This is my first chocolate cake from Heavenly Cakes, although I think there must be a few dozen different chocolate recipes. I love chocolate, but I've noticed that if I have four desserts to choose from, the chocolate one is almost never my first choice. Not because I hate chocolate--how sad would that be?--but because it's likely to be the least interesting offering. Given the same four desserts, Jim is likely to choose the chocolate one, so I think this was his favorite cake so far.
Like the first two choices, this one is also easy. Although I guess easy is relative. As I sat down to write this post, I got an email from an old friend of mine, who told me that her latest food discovery is a three-minute chocolate cake you make in a mug in the microwave. "It's making the rounds on the net," she said. I googled cake & microwave & mug, and, sure enough, I found about 179,000 references to this fabulous cake.
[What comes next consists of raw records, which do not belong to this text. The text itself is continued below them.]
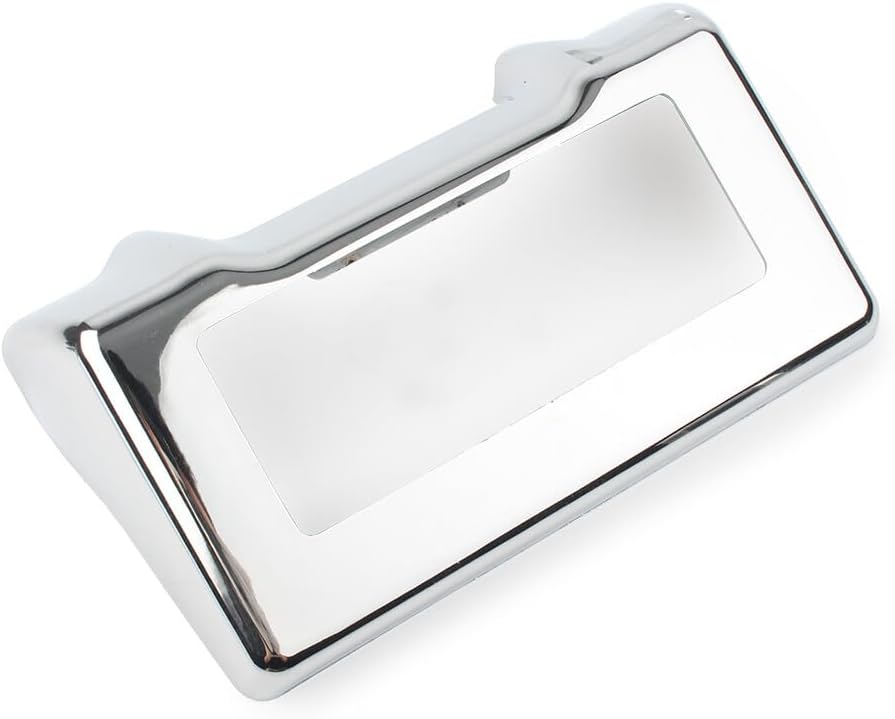 ya 23 10.7 baidi Fairing Molding Guard Oil Cooler Cover ABS Fit for Harley Touring Trike 2011-16 US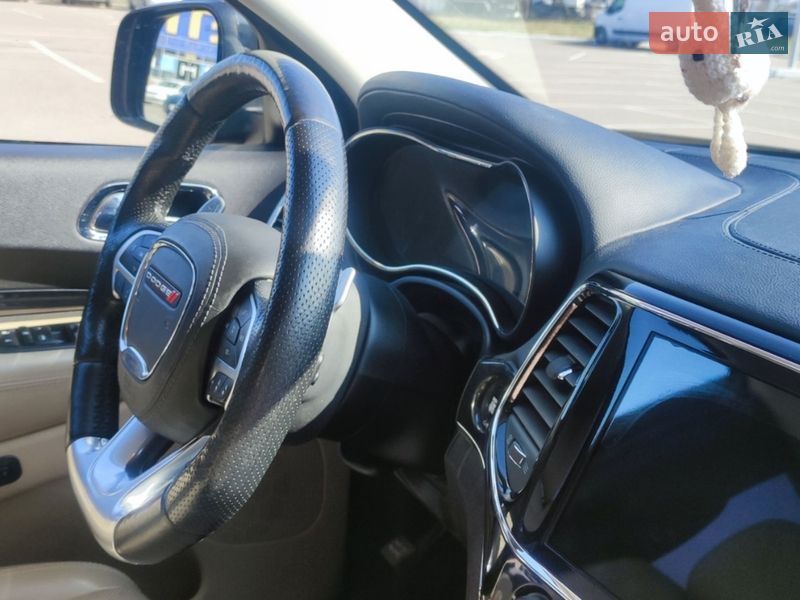 Позашляховик / Кросовер Dodge Durango 2018 в Житомирі фото 11 Позашляховик / Кросовер Dodge Durango 2018 в Житомирі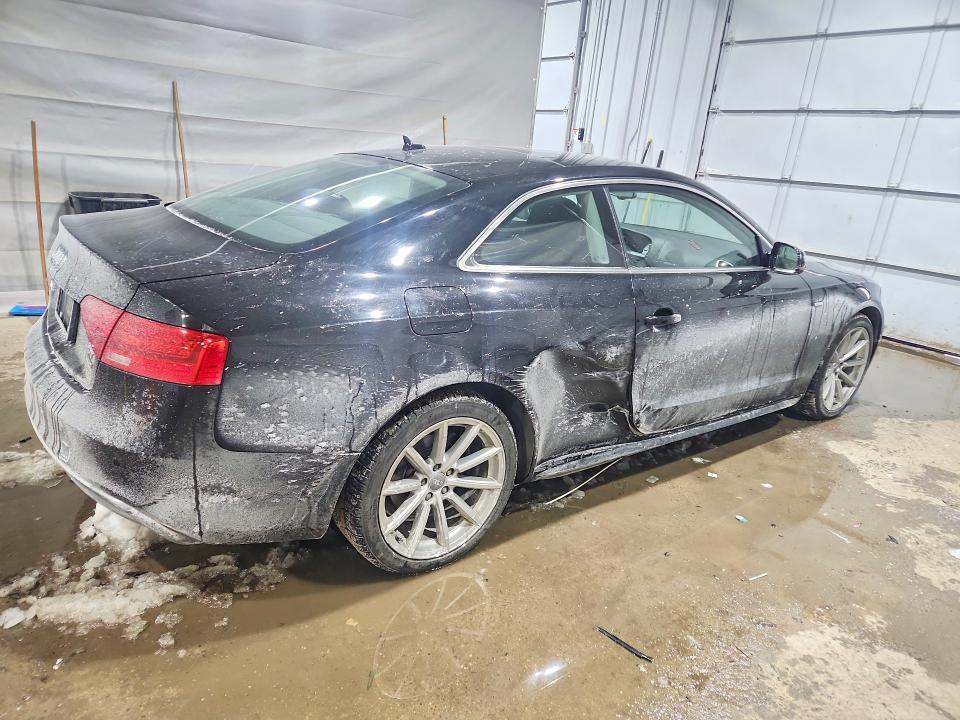 2016 Audi A5 Premium Plus S-line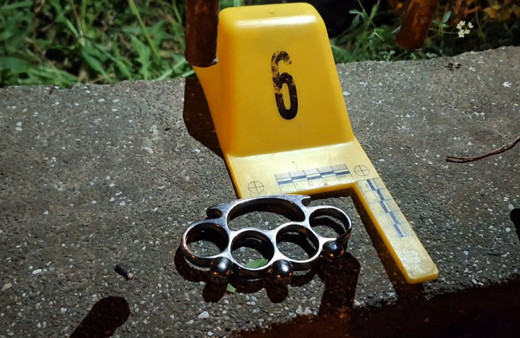 Samsun'da komşular kavga etti! 3 kişi bıçakla yaralandı!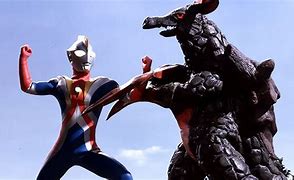 Image result for Ultraman Cosmos TV Series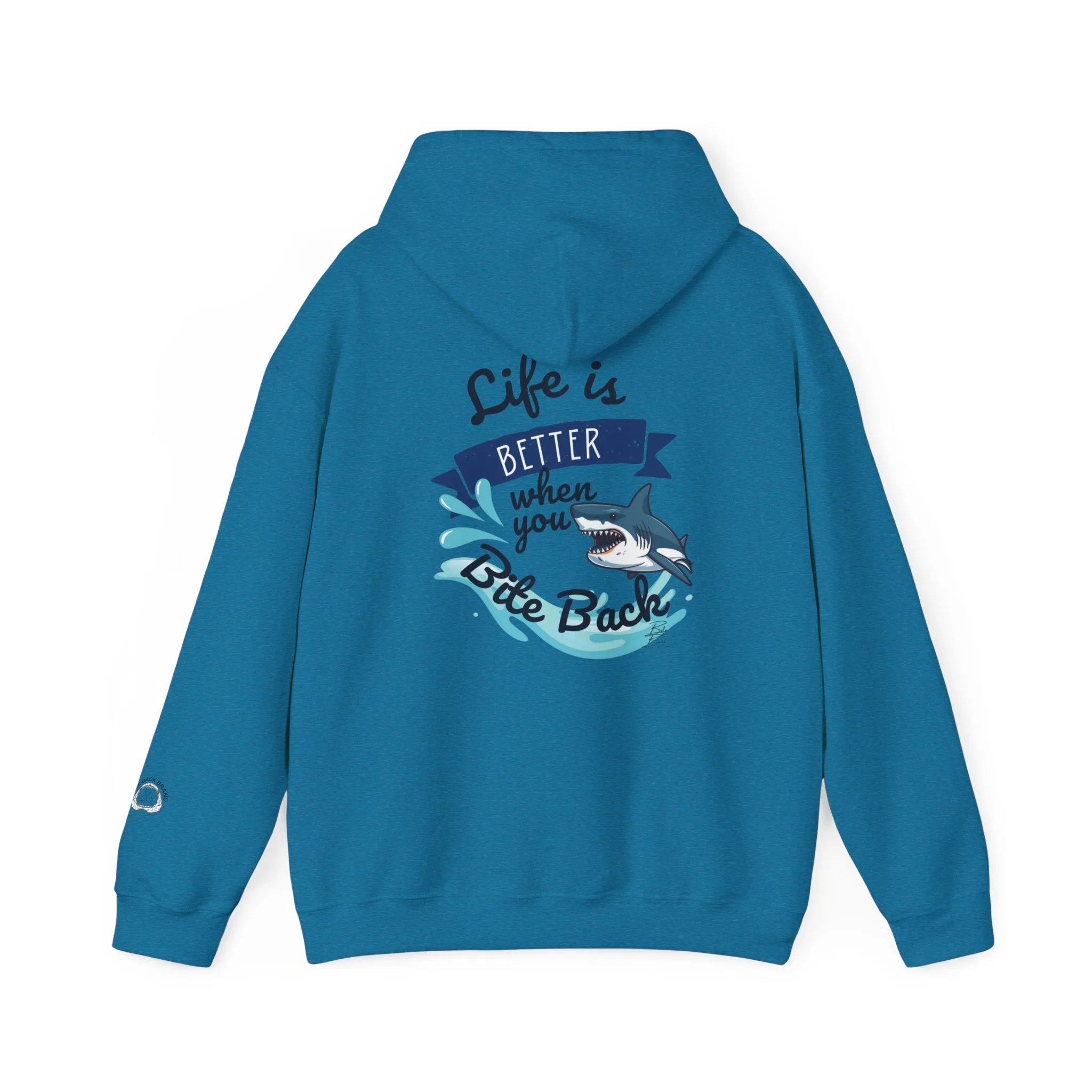 Life is Better Hoodie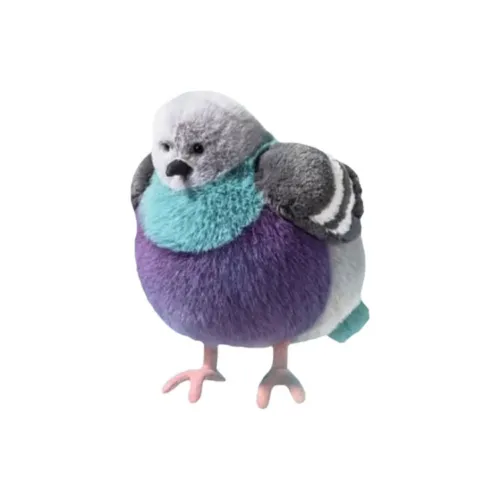 JELLYCAT Forest Animal London Limited Leicester DOVE Успокаивающий Куклы Плюшевая кукла Trumpets High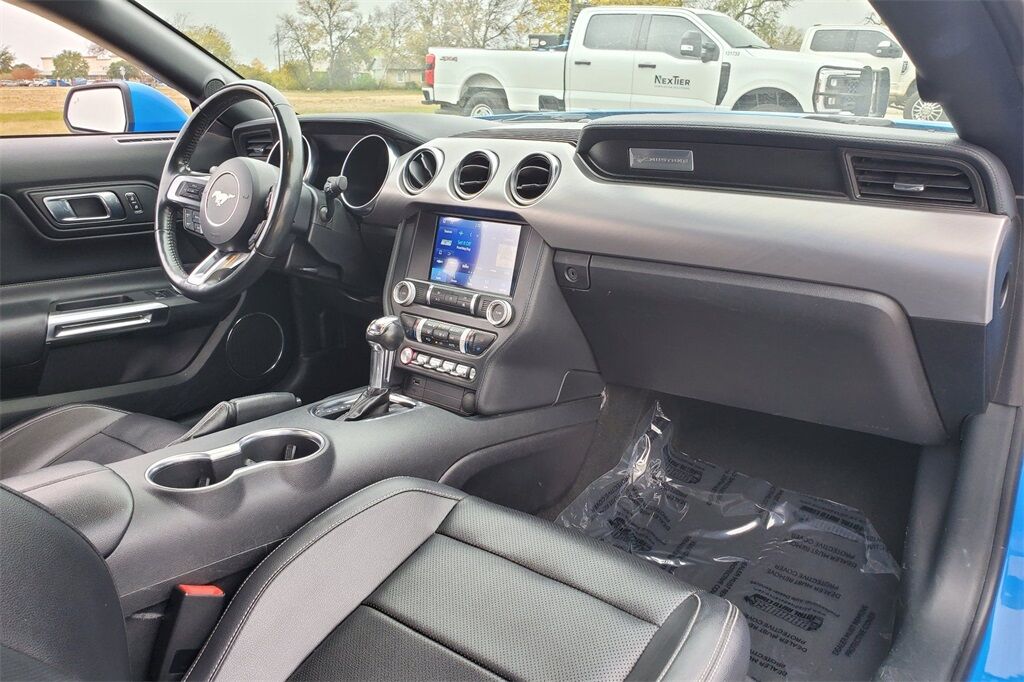 2023 Ford Mustang EcoBoost Premium Hondo TX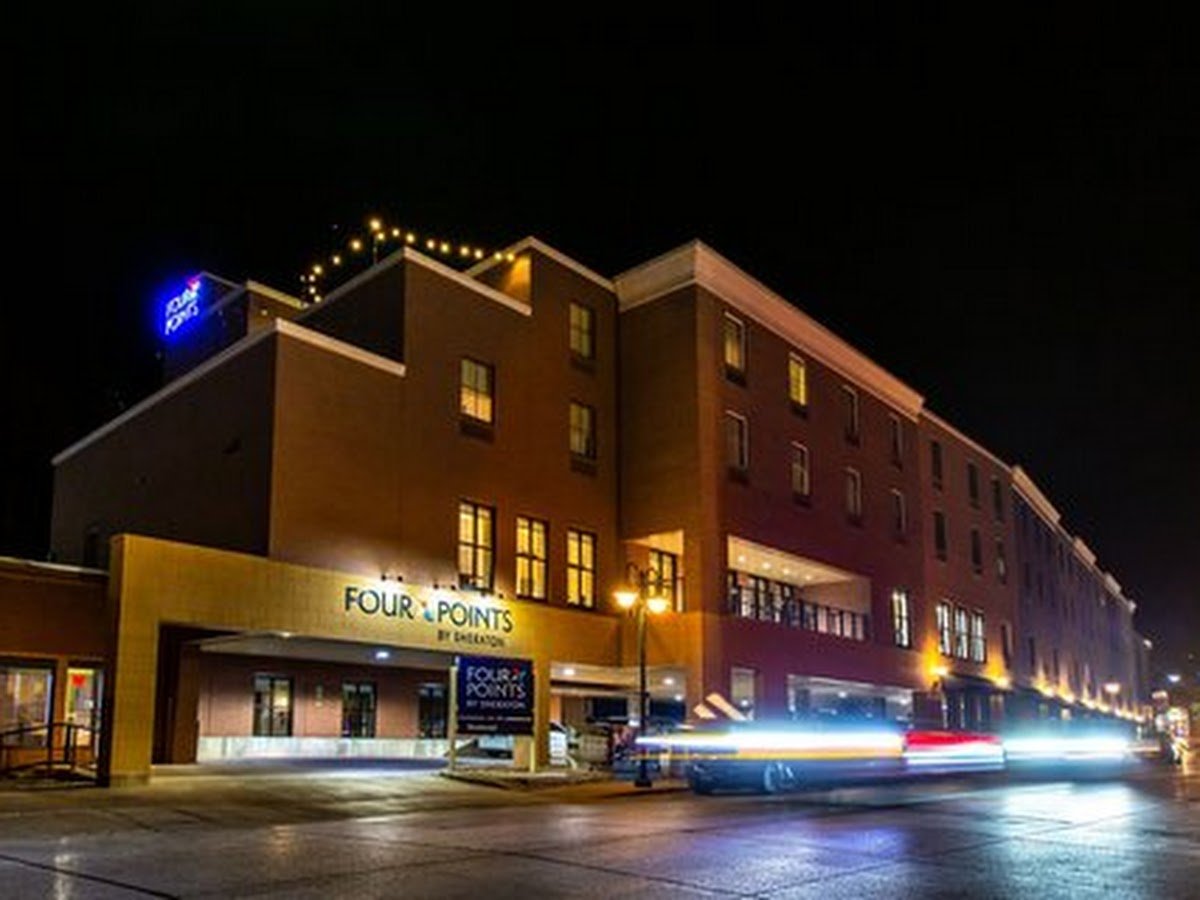 Four Points by Sheraton Deadwood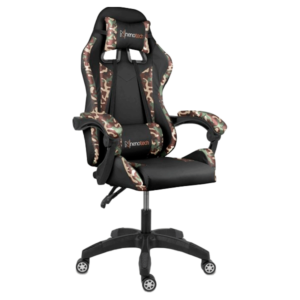 Nenotech silla gaming max camuflaje 220LB,90-135G,GL2-A62767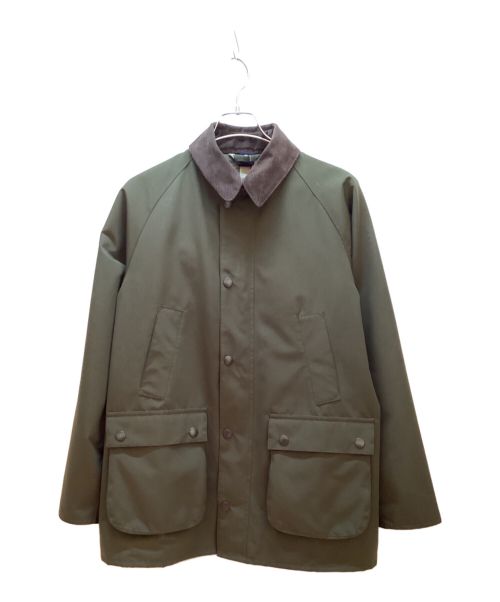 Barbour（バブアー）Barbour (バブアー) ノンワックスジャケット　ビデイル グリーン サイズ:42の古着・服飾アイテム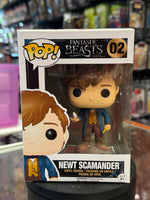 Newt Scamander with Egg #02 (Funko Pop!, Fantastic Beasts)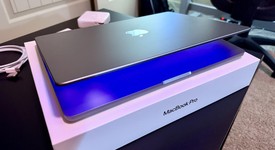Mint
													MacBook Pro 2021 - 14" - Apple M1 Pro 8-core, Gray, 512 GB, 16 GB, photo 3 of 8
Compared to cake-in-a-mug, the black chocolate party cake requires the skills of a French pastry chef.
The first thing you do is roast some walnuts for seven minutes and then rub the walnut skins off with a dish towel.
This is where my faith in Rose comes in. My palate is not so refined that I could tell whether the walnuts had been toasted or not, had been skinned or not, and had been in the oven for 7 minutes, or 8 minutes or 9 minutes. But I believe that Rose can tell, and so I will follow where she leads. So far, anyway. At some point, I'll have to decide whether to follow her into quail egg territory, but we're not there yet.
After the walnuts have been toasted, skinned, and ground, the cake is pretty much a cinch. You mix sour cream, cocoa, and eggs until they look like "slightly lumpy muffin batter."
Then the rest of the batter is mixed up, and the cocoa mixture is added to the batter, and it all goes into a bundt pan.
Did you know that the bundt pan was devised by Nordic Ware for a Minneapolis chapter of the Hadassah Society? And that more bundt cakes are used in Minneapolis than in any other city in the world? Well, actually I made up that last part, but the Nordic Ware/Hadassah factoid is true. And you can't go to a potluck in Minnesota without seeing a few bundt cakes on the dessert table.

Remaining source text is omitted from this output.